*** EXTRACTED RECORDS Section Begins ***

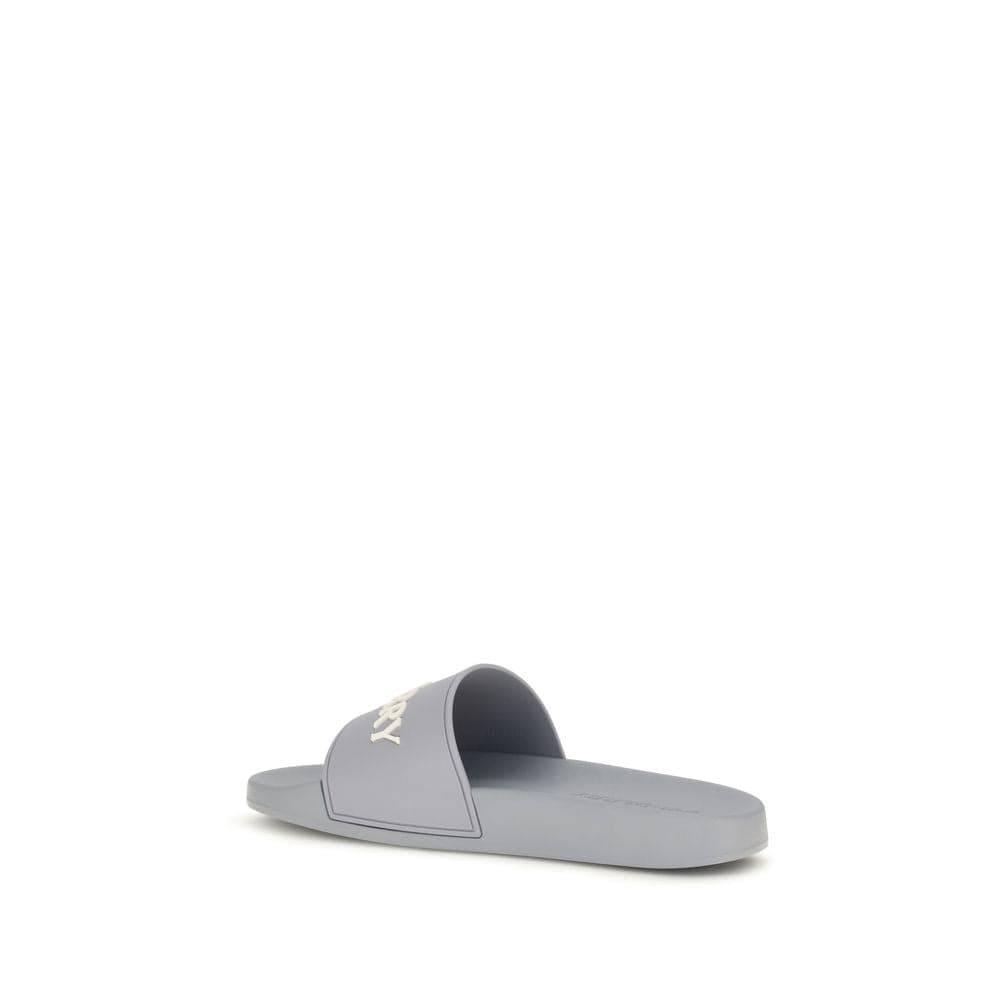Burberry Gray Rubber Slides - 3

*** EXTRACTED RECORDS Section Ends ***
*** EXTRACTED RECORDS Section Begins ***

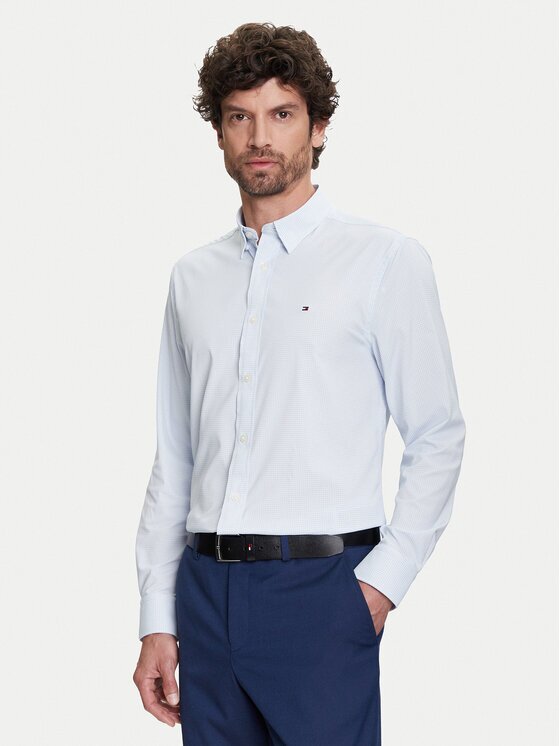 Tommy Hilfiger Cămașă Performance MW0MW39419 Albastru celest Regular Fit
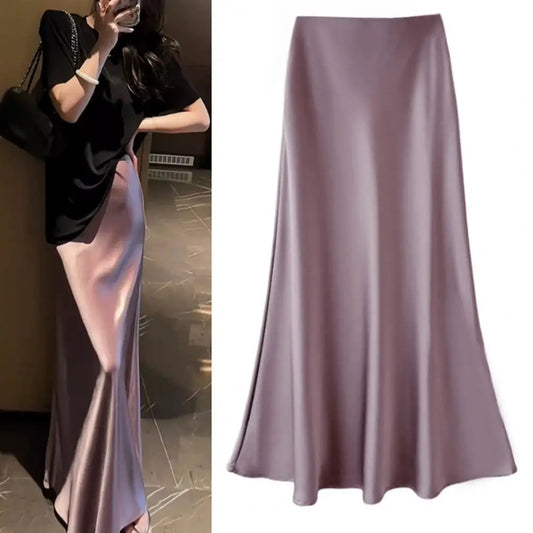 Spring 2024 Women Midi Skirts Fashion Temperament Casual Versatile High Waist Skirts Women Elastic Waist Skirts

*** EXTRACTED RECORDS Section Ends ***

_WORK INSTRUCTION:_ Within the material above, only the stretch from the line holding "Tommy Hilfiger Cămașă" through the line holding "Spring 2024 Women" is to be restated exactly. Pictures are dropped.

_ANSWER TO THE EXERCISE:_
 Tommy Hilfiger Cămașă Performance MW0MW39419 Albastru celest Regular Fit
 Spring 2024 Women Midi Skirts Fashion Temperament Casual Versatile High Waist Skirts Women Elastic Waist Skirts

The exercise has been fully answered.